Of course the battle scenes are the selling point of this crossover event. It's Battle of the Atom after all! The epic showdown among the telepaths were greatly handled and as insane and sadomasochistic as we're gonna get. Xorn-Jean of the Future taunts Emma and beats her younger self simultaneously. Young Jean, however, is not going to let her cuckoo adult self get the upper hand so she is just as relenting in her blows. Amidst this intimate battle are the scattered fight scenes among the X-Men and the future X-Men. Magik, however, had seen the future for herself and when she transported back to our timeline, she took young Bobby and Warren to show them what happened to the future where they discovered that the REAL X-Men are composed of old mama Jubilee and son, bearded Colossus, Storm's daughter...and basically not the ones who arrived earlier in the current timeline, forcing the OCF to get back home. Magik transports these real X-Men who revealed that the impostors are no other than the FUTURE BROTHERHOOD OF EVIL MUTANTS. At this point, Xorn-Jean and the Impostors are in the process of trying to send back the OCF, only to utterly fail. The woman posing as the old Kitty Pryde turned out to be Mystique's bastard son with Wolverine named Raze. Deadpool is a Brotherhood recruit and betrays people, which surprises no one. Xavier also had a doppleganger son who is the bastard child he had with fucking Mystique. Yeah, Raven sure got busy and produced villainous offspring from two upstanding men. There's a twist that really pinches you in the balls. Also, it was later revealed that the future that was created because of the OCF being there meant humans are more hellbent in destroying mutantkind...or something to that effect. Honestly, I am baffled with a lot of the supposedly logical explanations for some of the issues. All I trusted on was my interest and excitement in how this story is going to end, especially regarding the intense confrontation between the two Jeans. If people suddenly asked me what is going on that got me so riled up and rattled while reading this story, I'll just start weeping in a corner because all that has happened was full-on sensory overload!
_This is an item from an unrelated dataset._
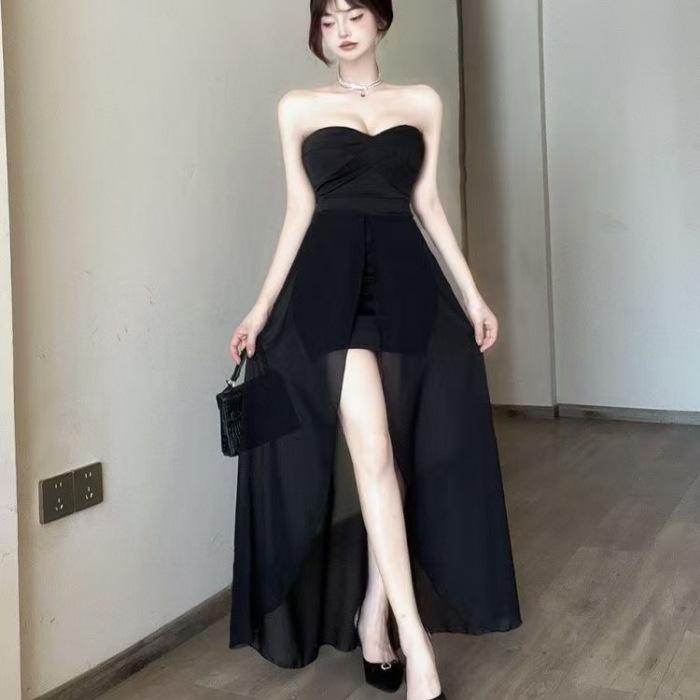 French Chic One-Shoulder Mesh Patchwork Maxi Dress - High Waist, Slit Leg Medium чёрный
Whatever I just managed to go through and accomplish reading was too much for me that I could simply hyperventilate just thinking about it. Like a trauma victim, I refused to talk about it online. I just turned off my laptop and crawled back into bed. With my eyes closed, I had vague images in my head about the events that I witnessed in the story I just read--and I had to curl up into a ball and chant repeatedly to myself "just go to sleep, go to sleep..." The next day, feeling refreshed, I still wasn't feeling that eloquent enough to type out my thoughts. So I delayed posting a sensible review. And even when I finally opened up about this, what you got here is nothing more than a series of ramblings written by a lunatic who still can't figure out how she really feels about everything she read in Battle of the Atom. 

I don't even know how to end this review properly. So I'm just going to end things abruptly and recommend you to read BotA yourself, imparting nothing more than an evasive dark promise of what you can expect when you pick it up. I'm probably exaggerating its aftershocks. It's probably just my frail, feminine constitution. In any case, don't believe everything I stated here. I'm possibly still recovering and probably doing a bad job with that too.